The secret Jewish history of ‘Alice’s Restaurant’

Sing it with me: "You can get anything you want...." Fifty years ago!

You want to feel old?

This is the fiftieth anniversary of the song “Alice’s Restaurant,” by Arlo Guthrie.

Well, sort of. The song was released on the album of the same name in September, 1967. The events that the song commemorates actually occurred two years before that, on Thanksgiving, 1965.


But, nevertheless, if you are of a certain age, nothing says Thanksgiving more than “Alice’s Restaurant.”

For those of you who don’t know what I am talking about, here is a Cliff’s Notes version.

“Alice’s Restaurant” consists of Arlo Guthrie delivering a long, guitar-accompanied monologue (a talking blues, really — an art form that his father, the iconic American folk singer, Woody Guthrie, had perfected) about his arrest for littering in Stockbridge, Massachusetts, by the Stockbridge chief of police, William Obanhein, a.k.a. Officer Obie.

At the time, Arlo was living with Alice and Ray Brock in a deconsecrated church in Great Barrington, Massachusetts (more about that later).

Ultimately, as the song’s second part tells us, Arlo’s arrest record was at least partially responsible for preventing him from being drafted and serving in the war in Vietnam.

Two years later, the movie “Alice’s Restaurant” was released. It stars Arlo as himself.

Jewish geography lesson: For many years, I spent summers in the Berkshire mountains of western Massachusetts, where the song takes place. For me, and for so many, the Berkshires are a magical place — the only place where I ever truly relax.

The discerning tourist can find all of the places mentioned in the song (with the exception of the scenes at the draft board, which take place on Whitehall Street in New York City).

  • In Stockbridge, you can visit the original location of Alice’s restaurant; it is, in fact, “around the back, just a half a mile from the railroad track” off Main Street.
  • For many summers, I used to dump our trash at the Stockbridge town dump, which is probably where Arlo should have dumped his trash in the first place.
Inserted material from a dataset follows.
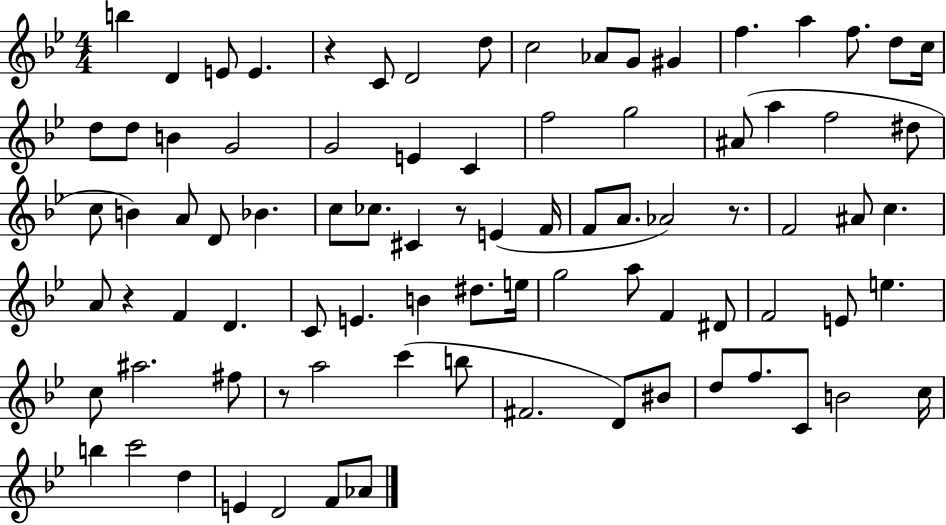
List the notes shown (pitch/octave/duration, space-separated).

I could do that, legally, because I had a sticker from the “master garbologist.”
  • Officer Obie’s extended family still lives in the area; he was a well-known and beloved figure.

As for the church, it is still there, as well. It serves as the Guthrie Center, a wonderful concert venue, and home to the Guthrie Foundation, a permanent memorial to the legacy of Arlo’s late parents.


(Check out this song about Woody’s legacy, written and sung by my friend, Doug Mishkin).

Which brings me to the Jewish stuff.

Arlo Guthrie is Jewish, through his mother, Marjorie Mazia Guthrie. 

Fun fact: when Arlo celebrated becoming bar mitzvah, at the Howard Beach Jewish center in Queens, the presiding rabbi was none other than Meir Kahane.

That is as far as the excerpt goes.